That sounds similar to what Inferno was doing. Though I'm unaware whether Inferno did it in kernel space, but PhantomOS definitely did - their argument was that, since you can't run native code directly, only through the bytecode, memory safety can be achieved by simply not giving a program any reference to a memory address it's not supposed to access. Apparently, this approach achieves memory protection without using an MMU.

Would be cool to see if Linux eventually goes down that path.


Inferno uses C (Plan 9 C dialect) for the kernel and Limbo for the complete userspace, with exception of some C libraries like Tk for the GUI.

DisVM runs in userspace.

https://github.com/inferno-os


Java did this in the 90s. Not sure why we need yet another bytecode format.


Bytecode format itself is not interesting (PhantomOS runs Java bytecode, Inferno was a competitor to Java in the 90s), but the way it is executed.

Java runs bytecode in a VM as a userspace process, eBPF runs it in kernel space. That in itself is interesting.


Does running in kernel space justify an entirely new bytecode?


Justify?

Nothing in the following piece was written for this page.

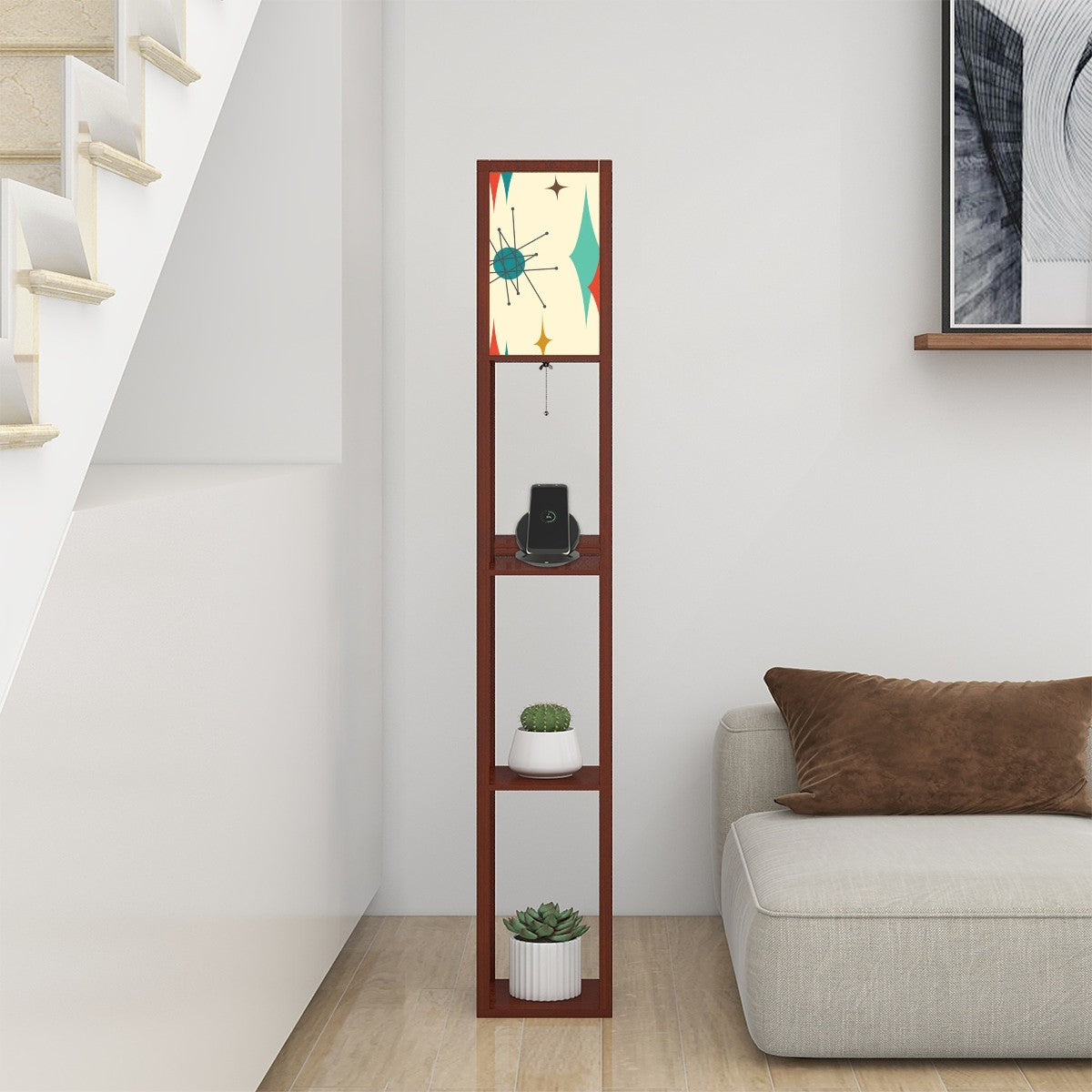 Mid Century Modern Franciscan Starburst, Floor Lamp with Shelves - Mid Century Modern Gal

I don't know. Require? I also don't know, but intuition tells me that it does, at least in the case of Linux.


It's about time that BPF is being standardized.

It increasingly being used not only in the conventional field of network and security accelerations, now it's also being used for other uses cases for example 5G Open RAN [1]. For more comprehensive review of latest eBPF based applications please check it here [2].

[1] Taking 5G RAN Analytics and Control to a New Level:

https://www.microsoft.com/en-us/research/publication/taking-...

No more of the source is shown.